Non-Compete & Restrictive Covenants: The Career-Killing Clauses
This represents one of the most overlooked yet dangerous contractual elements. You might believe you’re simply signing an investment deal but buried within could be a clause that prevents you from building your next startup. Non-compete clauses can be drafted so broadly that you’re effectively locked out of your entire industry for years.
If these clauses aren’t drafted fairly, you could find yourself stuck in a partnership where your partner is freely competing, growing, or expanding elsewhere while you’re restricted by legal force. The same principle applies to your employees who sign employment contracts without proper non-compete clauses protecting your company when they decide to leave, taking with them the wealth of training, knowledge, ideas, and contacts you’ve invested in building.
Non-solicitation terms and provisions can prevent you from working with your own team or client base if relationships deteriorate and you’re the one forced to leave your company. Imagine spending years building networks, relationships, and sometimes genuine friendships while pursuing your entrepreneurial dream, only to sign a document that places legal limitations on your professional, business, and personal connections.

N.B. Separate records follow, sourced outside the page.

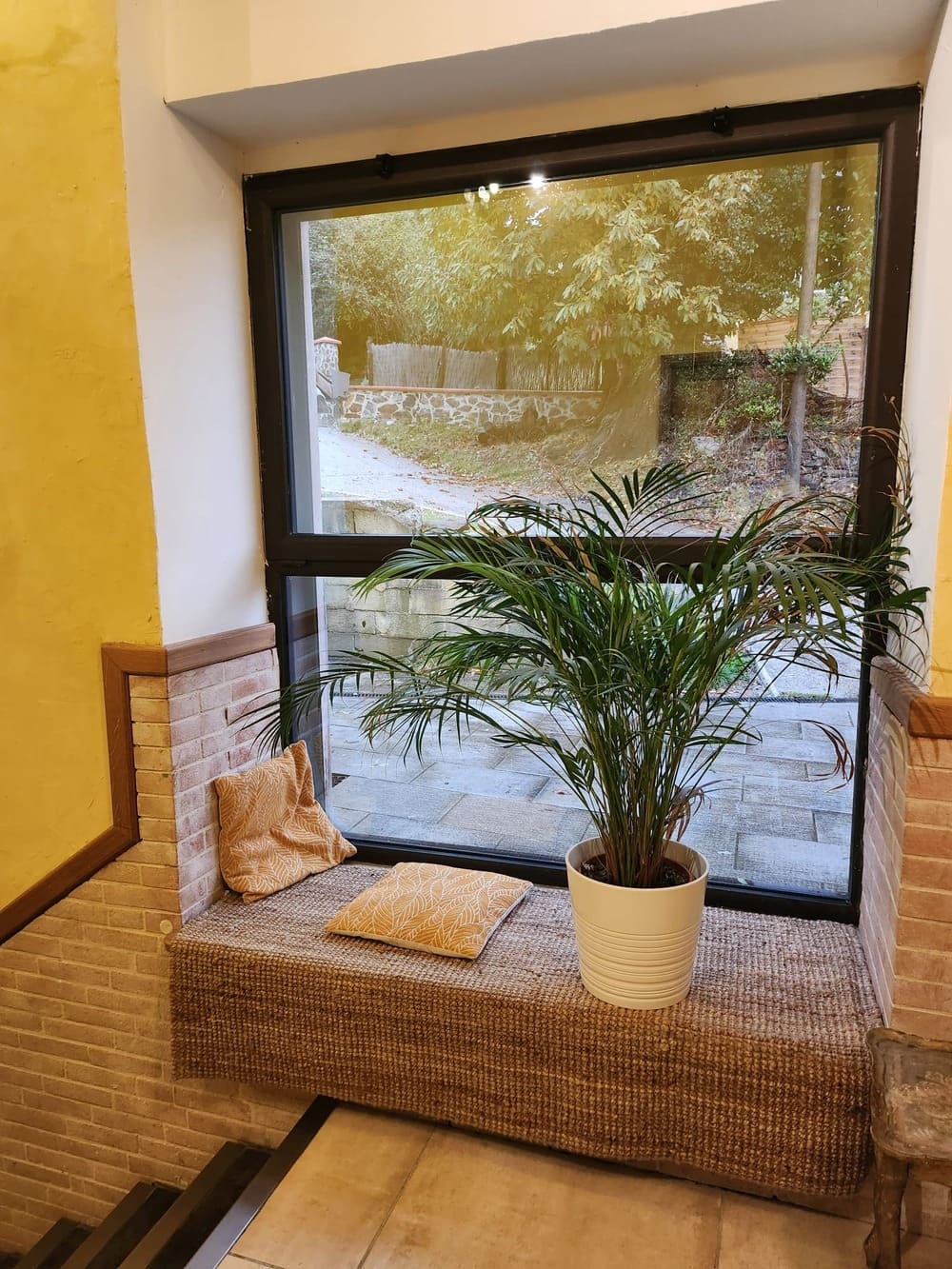 Plante en pot et coussins sur un rebord de fen&ecirc;tre int&eacute;rieur avec vue sur jardin.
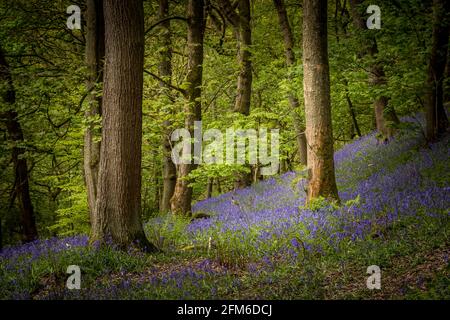 Bluebells (Hyacinthoides non-scripta) Hardcastle Crags ist ein bewaldeter Pennine Valley in West Yorkshire, England. Stockfoto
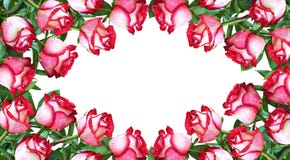Floral frame with red and white rose flowers Stock Image Floral frame with red and white rose flowers Stock Image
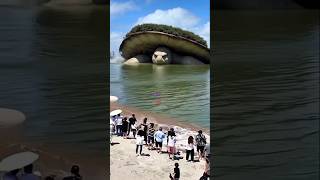 Download lagu merekam kura - kura raksasa do tepi laut mp3 Download lagu merekam kura - kura raksasa do tepi laut mp3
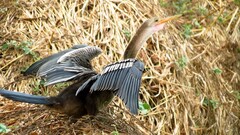 Anhinga anhinga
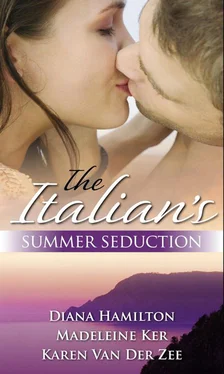 Karen Van Der Zee The Italian's Summer Seduction обложка книги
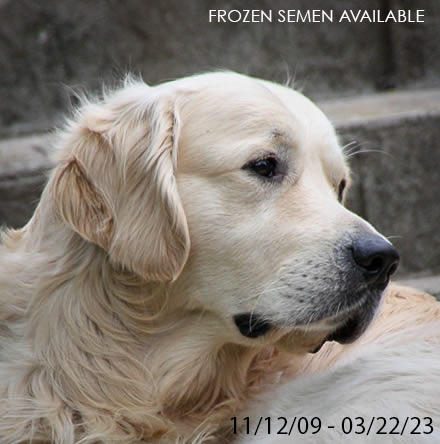 Jazz - Champion Evidog Jazzman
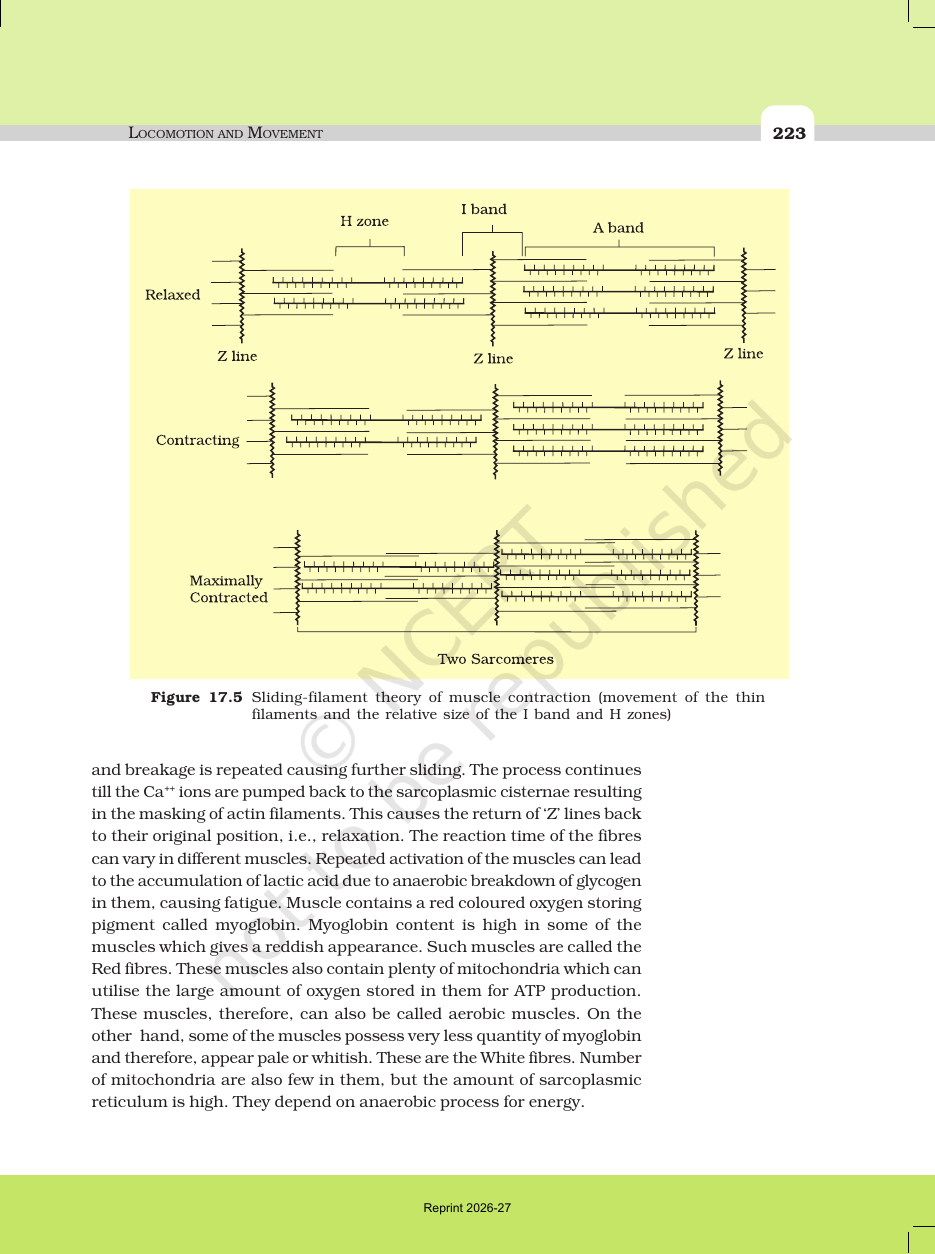 Page 7 of Locomotion and Movement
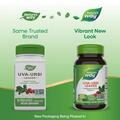 Толокнянка Nature's Way Uva Ursi Leaves, 100 веганских капсул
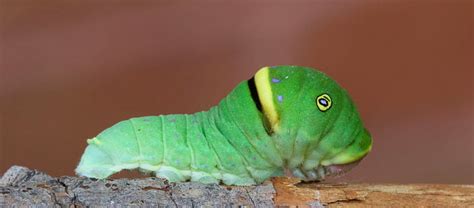 Green Caterpillar Identification Guide: 18 Common Types - Owlcation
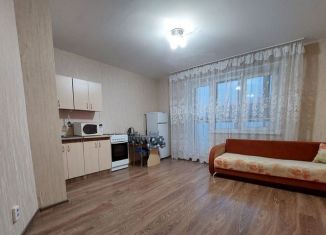 Квартира в аренду студия, 29 м2, Челябинск, улица Молодогвардейцев, 76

Always negotiate specific time limits, geographical definitions, and carefully narrow or expand the definition of “competition” when it’s applicable and beneficial for you. Otherwise, you risk signing away your future ideas and innovations.
Dispute Resolution: Choosing Your Legal Battlefield Wisely
Nobody enters a deal expecting conflict. Fatima BalFaqeehsaid on The Jurist Podcast: “It’s always beautiful to witness the start of an enterprise but envisioning worst-case scenarios early is one of the most crucial steps. Involving a legal professional makes it easier for everyone and removes the awkwardness.”
I couldn’t agree more. It’s far wiser to have tough discussions upfront than to face costly battles later. That’s why the dispute resolution clause is critical it dictates where, how, and under which laws conflicts will be resolved.
Being forced into litigation abroad can be crippling, draining time and resources. Thankfully, the UAE offers strong options: advanced civil law courts, two common law free zone courts, world-class arbitration centers, and structured mediation frameworks. Each has its advocates, but the key is ensuring your clause is enforceable and aligned with best practices.
Bottom line: choose a dispute forum you can both afford and trust.
The Reality Check Every Founder Needs
The UAE offers incredible opportunities for startup founders, but one poorly drafted clause or contract can waste years of dedicated hard work. Don’t misunderstand investors aren’t always predators, but they are always more experienced than founders, especially first-time entrepreneurs. As we’ve all learned through experience (or what some learn the hard way): business is business.
Before signing any contract, ask yourself these five critical questions: Where’s my exit strategy? How will this affect my future ownership? Who controls the business after signing? Am I signing away future opportunities? If things go wrong, where and how will I handle disputes?
If you can clearly answer all these questions, you’re positioned for success. If not, you need to seek experienced legal counsel before putting pen to paper or clicking that electronic signature button.